У Гамлета явно есть склонность к самоубийству, и в то же время он постоянно находит какой-то психологический блок, отстраняющий от рокового шага. Вначале это был запрет Бога совершить самоубийство, теперь принц находит более оригинальный повод. Ради этого и делает вид, что лично не встречался с путником, который вернулся из страны смерти. (А Шекспир, который ни с какими призраками действительно не встречался, получает возможность выразить устами Гамлета собственные мысли). Больше того, Гамлет показывает, что он никакой не христианин! Христианин не может не знать, что будет после смерти. Пусть даже он лишь верит в это, но верит так сильно, что уже и знает. Гамлет сам недавно говорил о рае и аде (геенне), но это, как выясняется, были не больше, чем красивые слова. Его постоянные упоминания Бога в первом акте подобны современным оборотам типа «бог знает что», где христианское представление о Боге не играет никакой роли и Бог может спокойно заменяться чертом, никак не изменяя смысл выражения. Запрет Бога совершить самоубийство был нужен в первом акте — теперь он уже не имеет значения.

Более чем сомнительным выглядит и опасение того, что под видом призрака может скрываться дьявол. Надо признать, что Гамлет просто оттягивает конкретные действия. Доктор Брайт был прав: меланхолик не способен к действию. По крайней мере, к обдуманному, а не спонтанному.

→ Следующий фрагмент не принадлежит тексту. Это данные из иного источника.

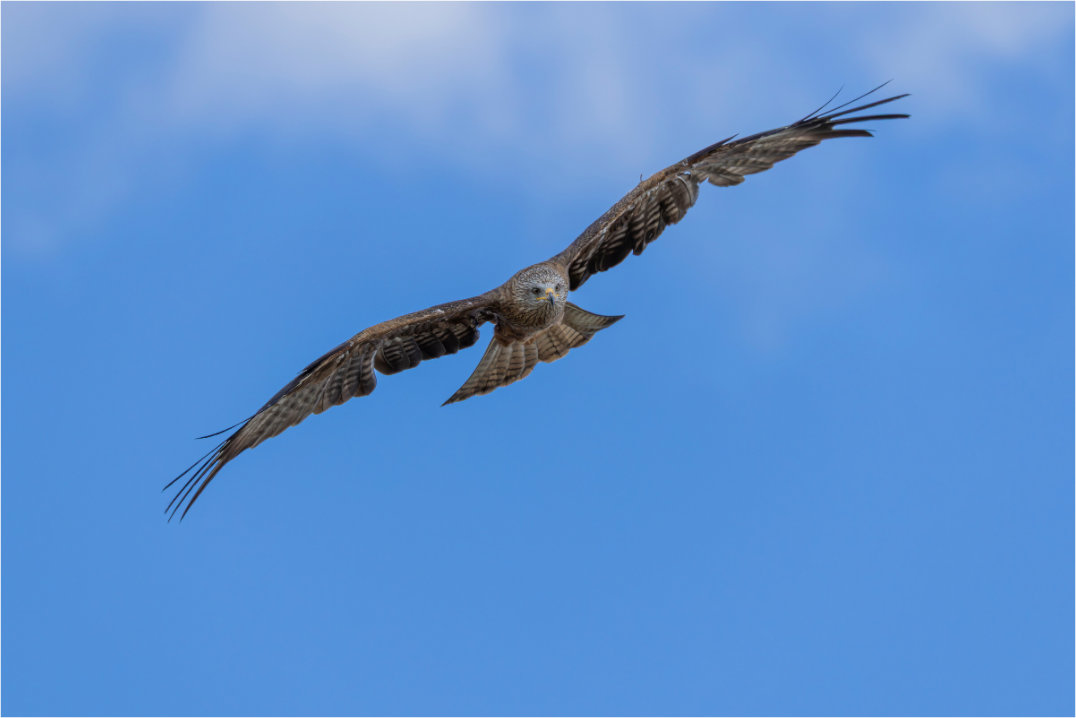 Main image Hunter of the Breeze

Большое значение имеет смысл слова conscience. Сейчас это слою означает лишь «совесть»; во времена Шекспира оно означало еще и «раздумье». Последнее значение укоренилось применительно к монологу «Быть или не быть». «Так трусами нас делает раздумье» или «Так всех нас в трусов превращает совесть»? Сочетание совести и трусости характерно для произведений Шекспира. По мнению В. Комаровой, «нет сомнений в том, что для зрителей эпохи Шекспира это слово означало только «совесть». Фраза Гамлета неожиданно становится близкой к рассуждениям Ричарда III, хотя разница между этими двумя персонажами очевидна. Но было бы ошибкой считать, что именно совесть заставляет Гамлета оттягивать осуществление мести. Он нисколько не похож на героя более поздней пьесы Чапмена «Месть за Бюсси д'Амбуаза», который, стремясь отомстить за брата, постоянно размышляет о том, имеет ли он на это право, а совершив наконец месть, поканчивает с собой. Вся трагедия Шекспира убедительно демонстрирует, что Гамлет нисколько не сомневается в необходимости мести, и мучает его как раз собственное оттягивание убийства.

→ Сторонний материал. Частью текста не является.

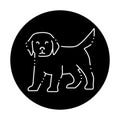 Standing golden retriever puppy color line icon. Pictogram for web page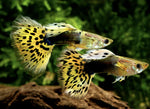 Yellow & Black Leopard Guppy Male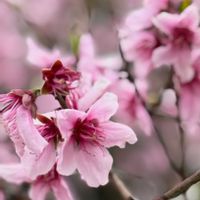 アサガオ,アンズ,アンズ,ウツボカズラ,曜白朝顔の画像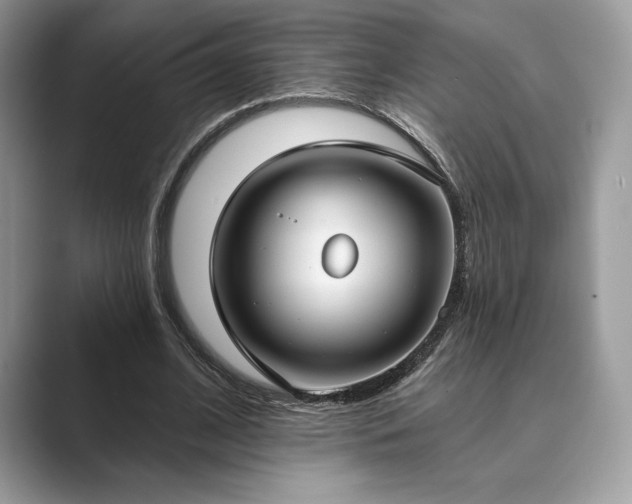 X0000089900584200707051309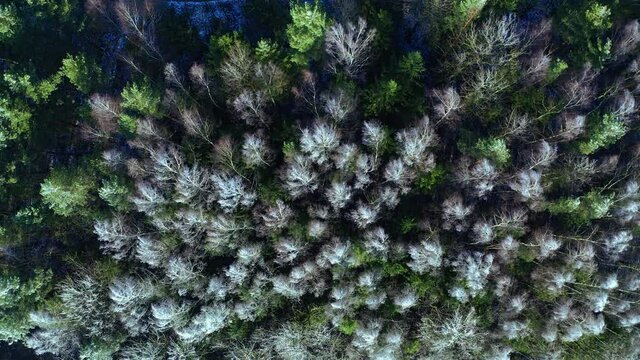 icy birch trees sway beautifully in the wind. Beautiful icy trees. Top view, aerial photography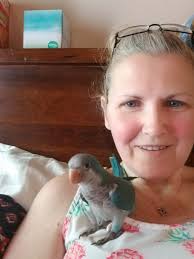 Parrots for rehoming in Deltona, Florida area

В финале монолога есть все-таки фразы, имеющие отношение к личной проблеме Гамлета:

И так решимости природный цвет
Хиреет под налетом мысли бледной...

Именно размышление мешает Гамлету действовать. Впоследствии он докажет, что, когда оно отсутствует и поступок надо совершать немедленно, принц проявляет решительность и мужество.

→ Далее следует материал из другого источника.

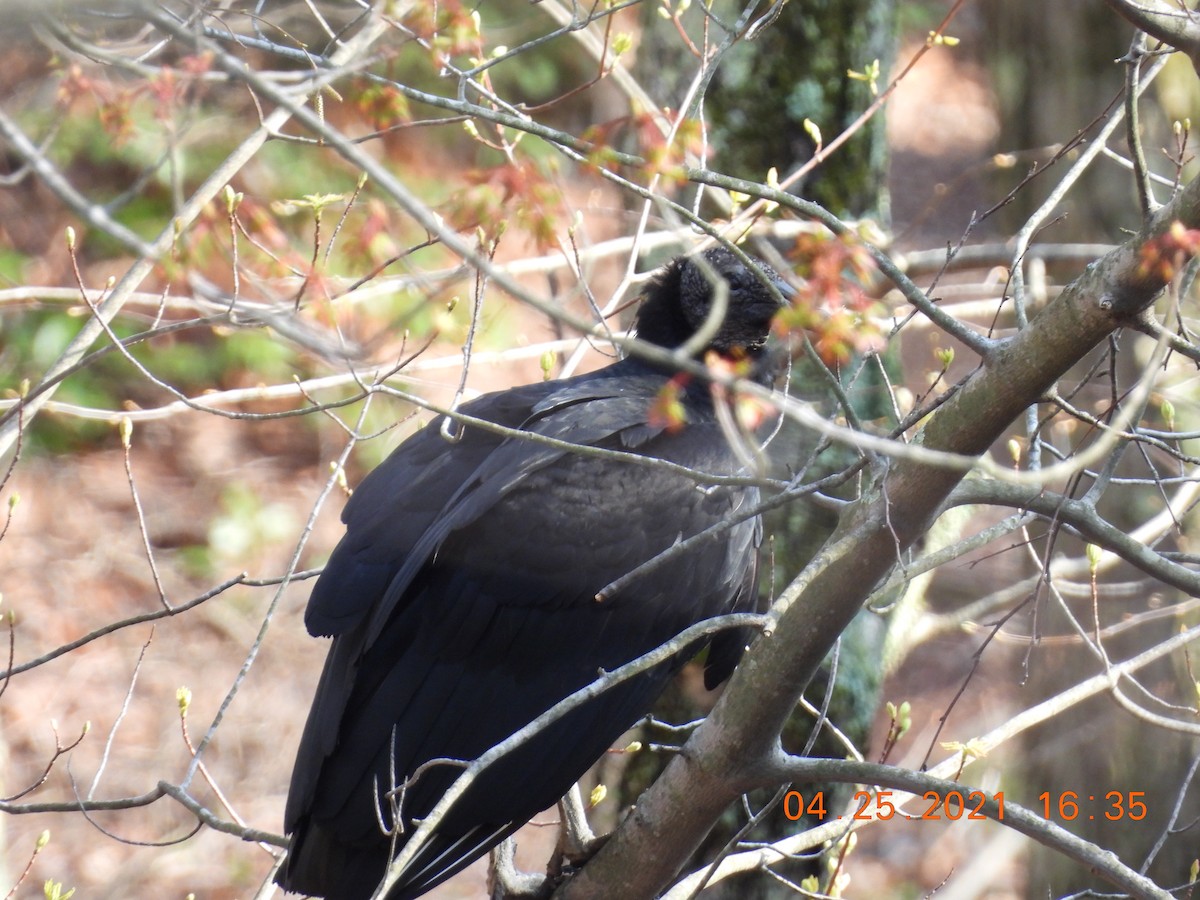 Black Vulture - ML330384761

После монолога Гамлет заводит с Офелией такой же шутовской разговор, как и с ее отцом. Очевидно, конечно, что он относится к ней совершенно иначе. Недаром, только увидев ее, он произносит (остается непонятным, слышала ли Офелия эти слова):

В твоих молитвах, нимфа,
Все, чем я грешен, помяни.

Однако глубокое разочарование в матери изменило его отношение к женщинам («выходи замуж за дурака, потому что умные люди хорошо знают, каких чудовищ вы из них делаете»). Он говорит Офелии, что любил ее, потом заявляет, что не любил. Предвосхищая судьбу Дездемоны, он, рассуждая о будущем замужестве Офелии, дает ей в приданое проклятие: «Будь ты целомудренна, как лед, чиста, как снег, ты не избегнешь клеветы». Гамлет утверждает, что «у нас не будет больше браков», уже в третий раз советует Офелии уйти в монастырь, после чего покидает ее.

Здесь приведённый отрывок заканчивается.